- To do
The expected copy holds every entry exactly and none of the pictures.

++++ Available records

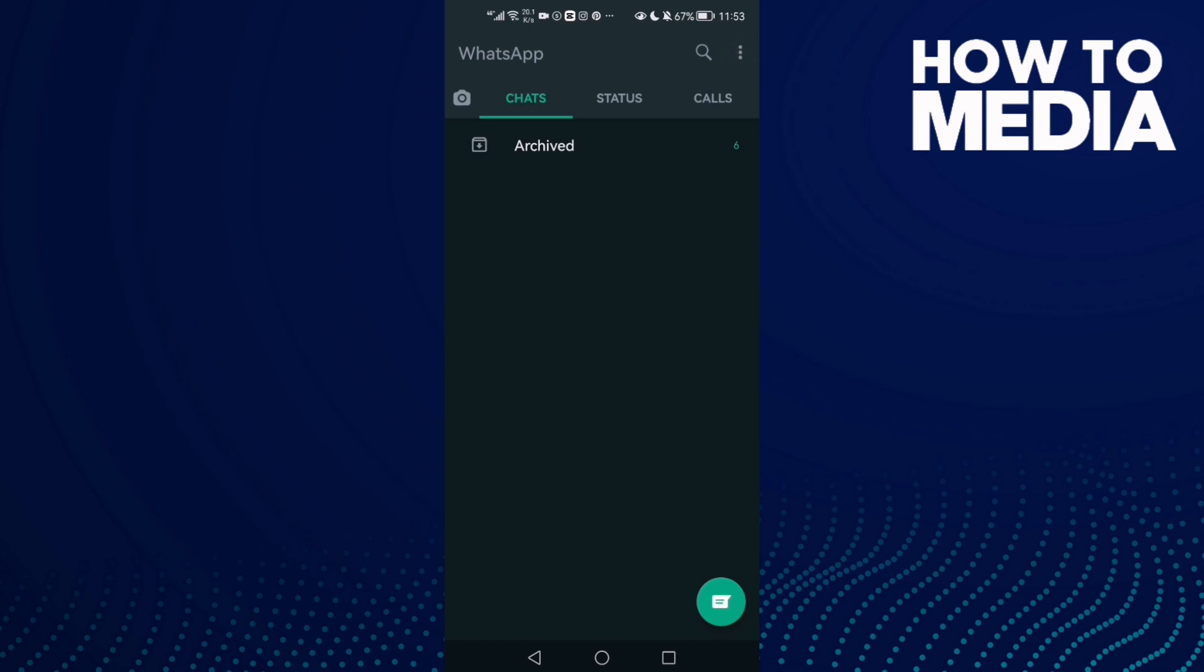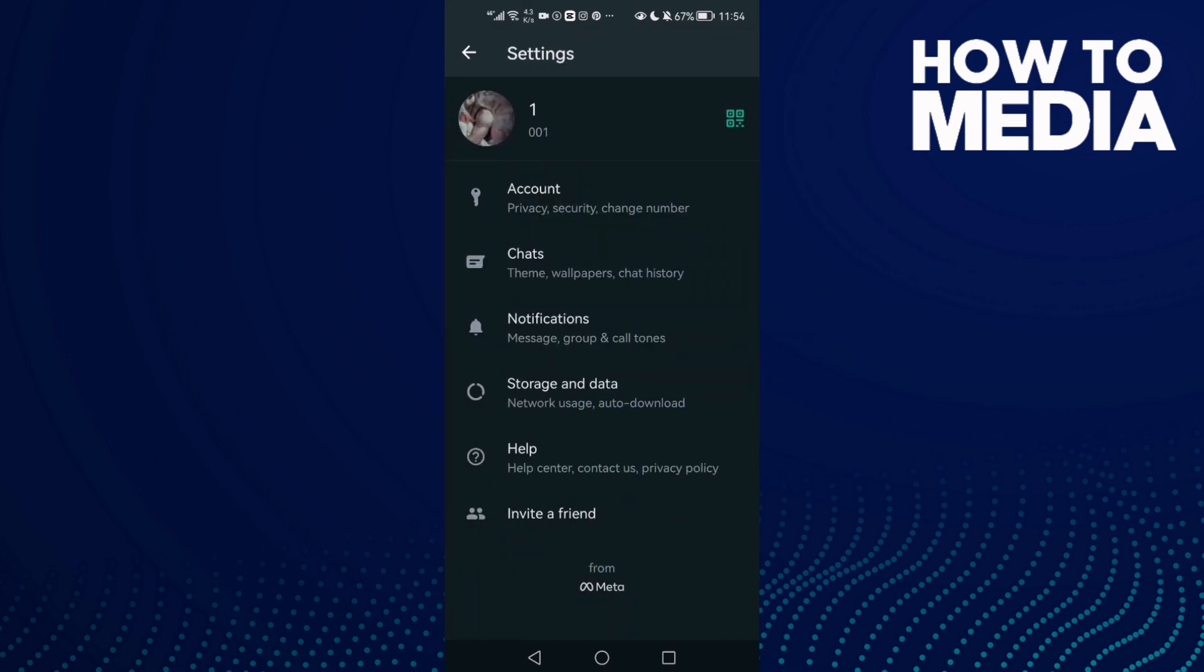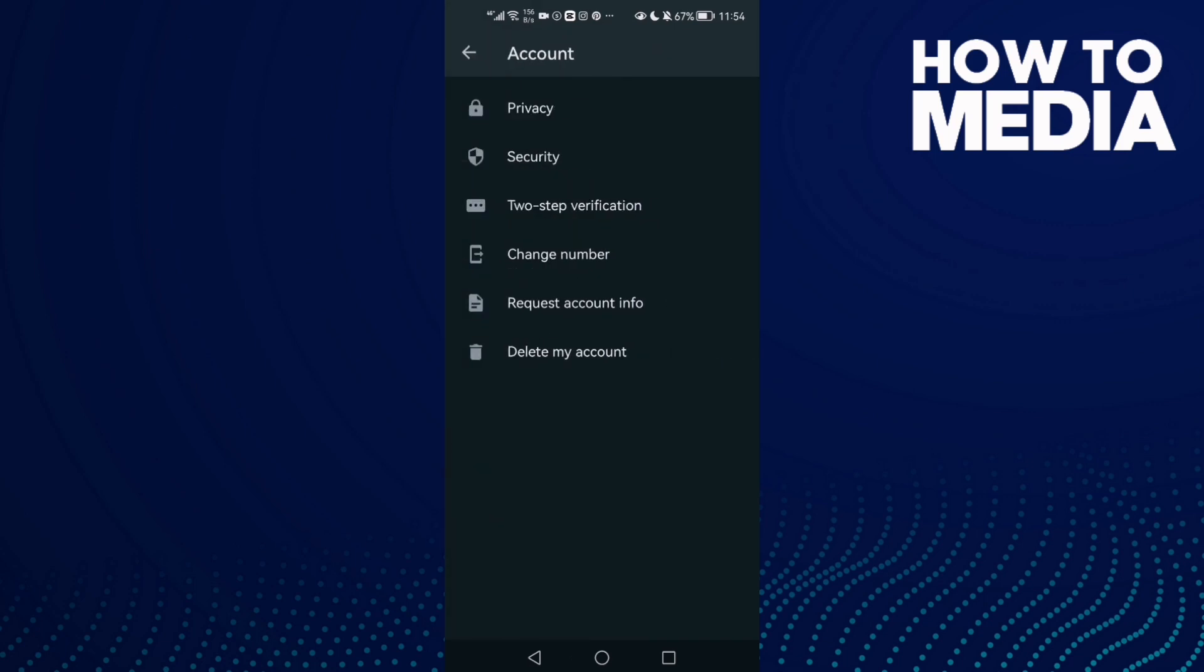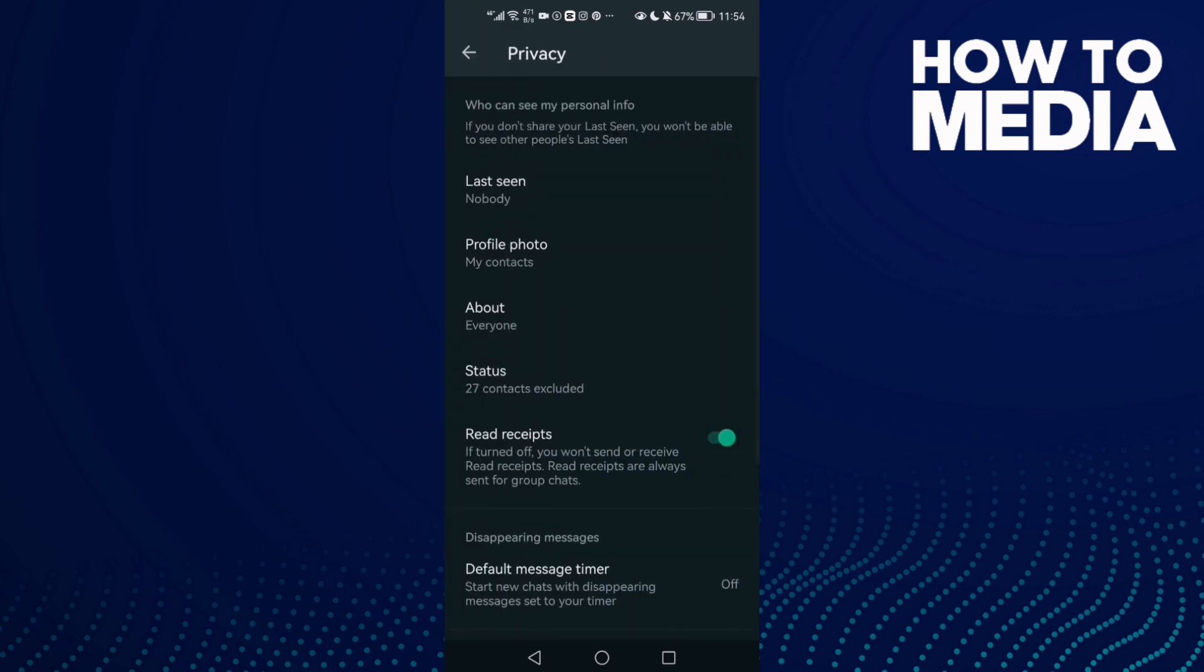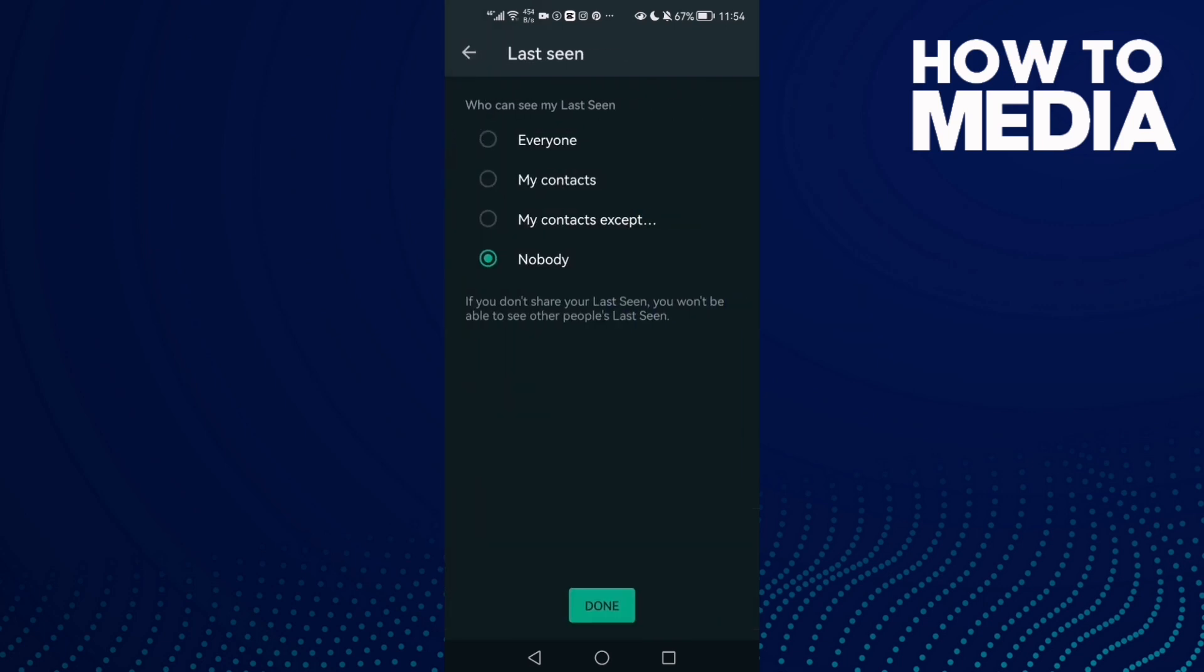Click on it and then click Settings. Here you will find Account, click on it. Then click on Privacy and here you will find Last Seen, click on it.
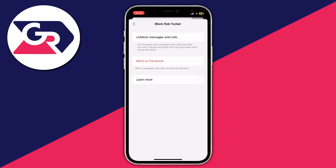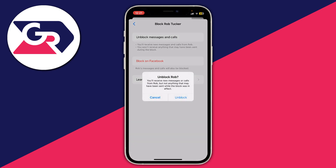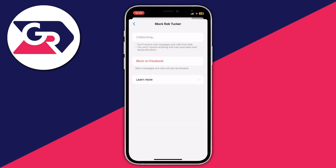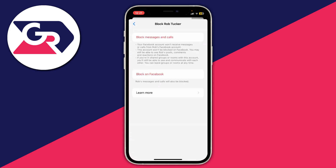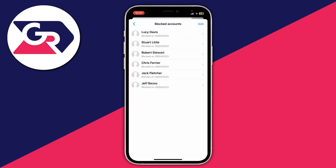When I click on Rob Tucker it says 'unblock messages and calls' but then it also says 'block on Facebook.' So if I want to unblock Rob Tucker because I've blocked him on Messenger, I click on that top option, then press unblock, and there we go — he's now unblocked.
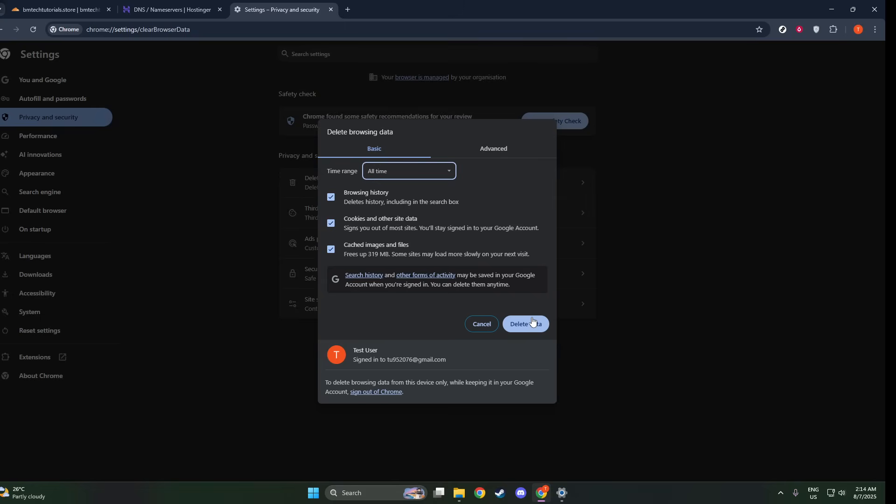By following these instructions, you should be better positioned to access sites that were previously giving you trouble due to issues related to Cloudflare or other similar services. If you still encounter issues, it might be a sign of deeper connectivity problems, or you may need to contact the site's support for further assistance.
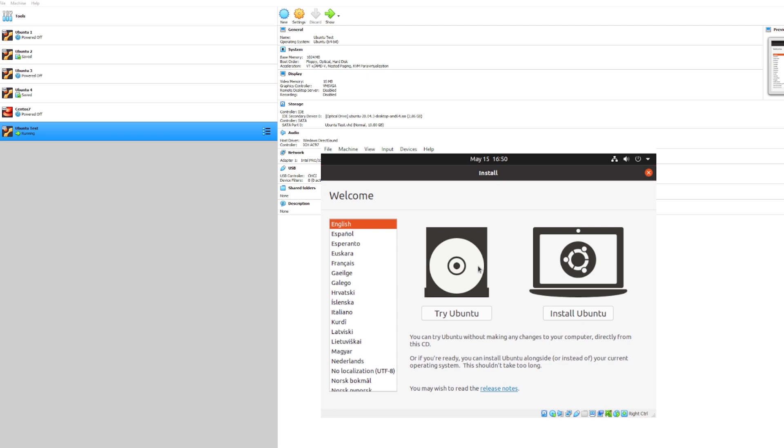So during the first startup of the machine it'll act as if you're actually setting up a new Ubuntu computer. Essentially when you start up a virtual machine for the first time it'll prompt you to go through all these setup instructions like you're setting up a new computer or a new operating system, because we actually are. Let's go ahead and proceed with install Ubuntu.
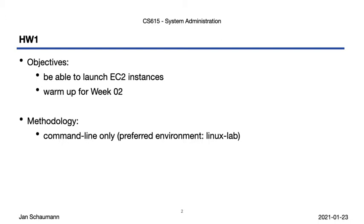but I strongly recommend that you use the shell servers provided to you by Stevens under the Linux lab name. In our video on the use of git, we already covered how to facilitate your SSH access to these systems, and they do have the AWS command line tools already installed, so it'll be a lot easier for you to start there.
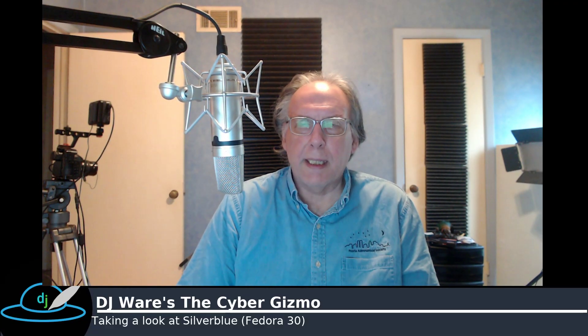Hi, I'm DJ Ware. On this episode of the Cyber Gizmo, we're going to take a look at Fedora Silver Blue.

++++++++

- Solved problem
Click on it and then click Settings. Here you will find Account, click on it. Then click on Privacy and here you will find Last Seen, click on it.
When I click on Rob Tucker it says 'unblock messages and calls' but then it also says 'block on Facebook.' So if I want to unblock Rob Tucker because I've blocked him on Messenger, I click on that top option, then press unblock, and there we go — he's now unblocked.
By following these instructions, you should be better positioned to access sites that were previously giving you trouble due to issues related to Cloudflare or other similar services. If you still encounter issues, it might be a sign of deeper connectivity problems, or you may need to contact the site's support for further assistance.
So during the first startup of the machine it'll act as if you're actually setting up a new Ubuntu computer. Essentially when you start up a virtual machine for the first time it'll prompt you to go through all these setup instructions like you're setting up a new computer or a new operating system, because we actually are. Let's go ahead and proceed with install Ubuntu.
but I strongly recommend that you use the shell servers provided to you by Stevens under the Linux lab name. In our video on the use of git, we already covered how to facilitate your SSH access to these systems, and they do have the AWS command line tools already installed, so it'll be a lot easier for you to start there.
Hi, I'm DJ Ware. On this episode of the Cyber Gizmo, we're going to take a look at Fedora Silver Blue.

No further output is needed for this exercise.